To build the facts I need to change it on a by_date column.

But what is the best practice in Azure DataWarehousing with the less DataMoving as possible.

I've tried with a INNER JOIN to a Dates table that was in ROUND_ROBIN, or tried to put all the dates in a View (with a trick that only sys.objects is called), .. All working but … not sure what is the better way on performance due to the Data-Movements between the 60 nodes …

Any suggestions ?

Here some parts of the tables …

CREATE TABLE [edw_hr_temp].[DIM_EMPLOYEE]
(
    [EMP_UID] [BIGINT] NULL,
    [EMP_BK] [CHAR](8) NULL,
    [EMP_DATE_FROM] [DATE] NULL,
    [EMP_DATE_TO] [DATE] NULL,
)
WITH
(
    DISTRIBUTION = HASH ( [EMP_BK] ),
    CLUSTERED COLUMNSTORE INDEX
)

1st Option a Real Table for Dates

CREATE TABLE [bi_msft].[ALL_DATES]
(
    [ADATE] [DATE] NULL
)
WITH
(
    DISTRIBUTION = ROUND_ROBIN,
    CLUSTERED COLUMNSTORE INDEX
)

2nd option is in the Stored Procedure user this as a subquery of store it in a #tempTable

  SELECT d
    FROM (SELECT d = DATEADD(DAY, rn - 1, @FROM_DATE)
            FROM (SELECT TOP (DATEDIFF(DAY, @FROM_DATE, @TO_DATE)) 
                         rn = ROW_NUMBER() OVER (ORDER BY s1.[object_id])
                    FROM sys.all_objects AS s1
                         CROSS JOIN sys.all_objects AS s2
                   ORDER BY s1.[object_id]
                 ) AS x
         ) AS y;

So basically my question is, when using the 2nd variant, would this
query run on each node and so no data movement needed of will it run
on one node and will all be moved….

Best Answer

For Azure SQL Data Warehouse, unless you have have millions of records, then it's unlikely you will really benefit from clustered columnstore indexes. In fact this could even be detrimental to performance. For smaller volume tables, you would probably be better off with either heap (for fast load) or clustered index. ROUND_ROBIN will at least ensure even distribution. If you do plan to hash distribute your table, ensure your chosen hash column will give even distribution, ie has a large number of distinct values. What is EMP_BK for example?

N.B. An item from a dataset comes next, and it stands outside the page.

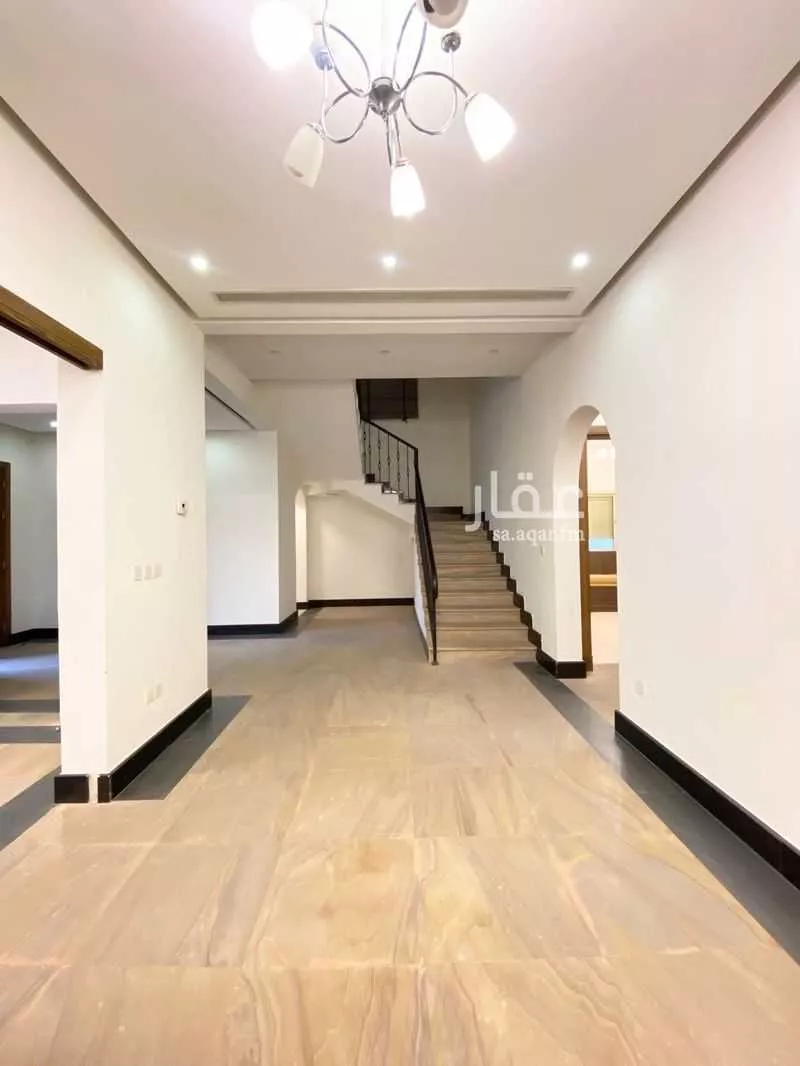 4 bedroom villa in Al Rawdah 8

I would generally recommend having a table to store dates, rather than some trick construct. The table is likely to scale better. As the datatype is date, it again seems unlikely there will be enough rows in this table to justify clustered columnstore. Try this with clustered index instead.

Have a read through the 'Hash distribute large tables' section in this article:

https://docs.microsoft.com/en-us/azure/sql-data-warehouse/sql-data-warehouse-best-practices

Just as an observation, all columns in your tables are nullable, which would be bad for a dimensional model (you cannot build cubes on NULLs) and generally does not represent good data modelling.

If you have a genuine performance problem, consider posting an EXPLAIN plan and give an idea of the number of rows in your table and the type of data. As mentioned, for your larger tables, to avoid data movement, hash distribute your tables on the same column.